Hyperglycemia and insulin use in patients with COVID-19 and severe hypoxemia allocated to 12 mg vs. 6 mg of dexamethasone: a secondary analysis of the COVID STEROID 2 randomized trial

BACKGROUND: While dexamethasone has been shown to improve survival in COVID-19, its dose-response relationship with plasma glucose (PG) levels and insulin requirements is poorly understood. This study investigated the impact of 12 mg (higher dose) versus 6 mg (standard dose) of dexamethasone on hyper- or hypoglycemic events and the use of insulin.

METHODS: A secondary analysis of a subpopulation of the COVID STEROID 2 trial. Glycemic outcomes were assessed by time-to-event analysis of a hyperglycemic (two PG measurements ≥ 11.1 mmol/L), severe hyperglycemic (PG > 20 mmol/L), hypoglycemic (< 3.8 mmol/L) event or use of insulin, adjusted for age, diabetes status, hospital site, and mechanical ventilation. PG levels were compared before and after treatment allocation with linear mixed models to estimate changes in average PG levels over time.

RESULTS: Of 321 participants, 170 were allocated to the higher dose and 151 to the standard dose of dexamethasone. Time to a hyperglycemic event did not differ between groups, whereas severe hyperglycemic events were more frequent in the higher dose group (36%) than in the standard dose group (31%) with an adjusted subdistributional hazard ratio of 1.76 (95% CI [1.22-2.54], p = 0.003).
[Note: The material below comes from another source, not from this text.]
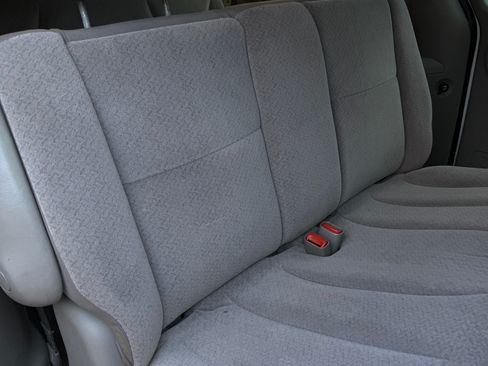 Used 2001 Chrysler Town & Country LX image 11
Insulin use and hypoglycemic events did not differ between groups. The higher vs. standard dose group had an average PG increase of 0.5 mmol/L (95% CI [- 0.2 to 1.4], p = 0.149).

CONCLUSION: Higher vs. standard doses of dexamethasone were associated with a higher incidence of severe hyperglycemia in patients with COVID-19 and severe hypoxemia, but the average increase in PG was similar between groups.